13 of the 15 UN Security Council (UNSC) members, including long-time US allies, wrote letters expressing their opposition. They claimed the US could not invoke the snapback provision as it had quit the deal two years earlier.

What is the snapback provision? Did the US have any basis for invoking it?

Background

The US proposal to extend a global arms embargo on Iran was rejected in the 14 August UNSC vote. The Dominican Republic voted for, and 11 members abstained. China and Russia voted against.

Calling the UNSC’s “failure” to act “inexcusable,” Washington followed through with an attempt to invoke the snapback provision in UNSCR 2231, which permits a re-imposition of UN sanctions on Iran. But what exactly is this provision?

The term ‘snapback’ is used to describe a process by which all UN sanctions and restrictions against Iran would be re-imposed. Resolution 2231 cannot be blocked by a veto.

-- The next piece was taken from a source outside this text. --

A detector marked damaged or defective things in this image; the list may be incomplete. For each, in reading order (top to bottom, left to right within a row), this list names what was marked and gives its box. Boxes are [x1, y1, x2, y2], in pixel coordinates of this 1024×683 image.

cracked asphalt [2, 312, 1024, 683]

Ordinarily, once sanctions against a country are terminated, re-imposition would require the passing of a new UNSC resolution, which could then be vetoed.

The snapback provision was incorporated as a fall-back in anticipation of future hypotheticals, such as a breakdown in Iranian compliance with the deal, and a lack of consensus in the UNSC on re-imposition of sanctions. The snapback provision thus allows any JCPOA participant state to unilaterally compel the UNSC to take action. 

The Legal Debate

The debate on whether the US has a right to invoke the snapback provision stems from its decision to withdraw from the nuclear deal. The text of UNSCR 2231 states that any “JCPOA participant state” must make a “notification” to the UNSC regarding Iran’s “significant non-performance of commitments under the JCPOA.” The dominant opinion is that given US withdrawal, it is no longer a participant to the JCPOA. The question of its ability to invoke snapback therefore does not arise.

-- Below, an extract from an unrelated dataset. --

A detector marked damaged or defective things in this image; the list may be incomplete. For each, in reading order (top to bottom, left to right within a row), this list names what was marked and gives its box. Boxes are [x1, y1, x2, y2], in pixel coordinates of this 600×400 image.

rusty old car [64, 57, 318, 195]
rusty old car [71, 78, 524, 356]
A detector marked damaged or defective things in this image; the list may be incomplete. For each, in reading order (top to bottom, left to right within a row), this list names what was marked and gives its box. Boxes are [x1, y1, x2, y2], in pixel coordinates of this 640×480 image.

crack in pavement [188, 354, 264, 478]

The US, on the other hand, highlighted the language used in 2231: the participants of the deal are mentioned by name, which of course includes the US, followed by the parenthetical phrase “(the JCPOA participants).” The argument then is that the US is defined as a “JCPOA participant state” in a binding UNSC resolution, and hence retains the permanent right to trigger the snapback process. It does not matter if a country has withdrawn from the deal—there is no specific instruction regarding this in 2231.

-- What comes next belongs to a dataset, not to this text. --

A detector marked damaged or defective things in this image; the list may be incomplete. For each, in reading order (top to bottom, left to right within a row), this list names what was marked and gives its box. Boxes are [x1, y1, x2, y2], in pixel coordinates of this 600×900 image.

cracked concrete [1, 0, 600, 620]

The US’ arguments appear to be legally tenuous because that the term “participants” is not just an honorary term—it implies certain commitments for participating states. According to the US’ own official statement from 8 May 2018, “The United States would cease participation in the agreement.” The dissonance between not being a participant—by its own admission—but still claiming a right that belongs (only) to participants resulted in the US being isolated in its bid to reimpose UN sanctions against Iran. 

Who Decides?

The conundrum is in determining who gets to decide which country is a participant state, and more importantly, its implications for the deal as a whole. It is logical for JCPOA participants themselves to take a call on this.

According to the UN spokesperson, “Security Council members will need to interpret their own resolution,” and not the secretary general. The UN lacks a neutral, designated person or institution to adjudicate whether the US is still a participant. Theoretically, the UNSC could formally request an opinion of the secretary general or the International Court of Justice (ICJ), but the US could block such attempts.

Conclusion

The US announcement of the return of sanctions has now raised several political and legal questions about how the US is planning to enforce multilateral sanctions unilaterally. As long as other countries continue as party to the JCPOA, the US stand will have little effect. It remains to be seen how each country carves out its stance to these ongoing developments.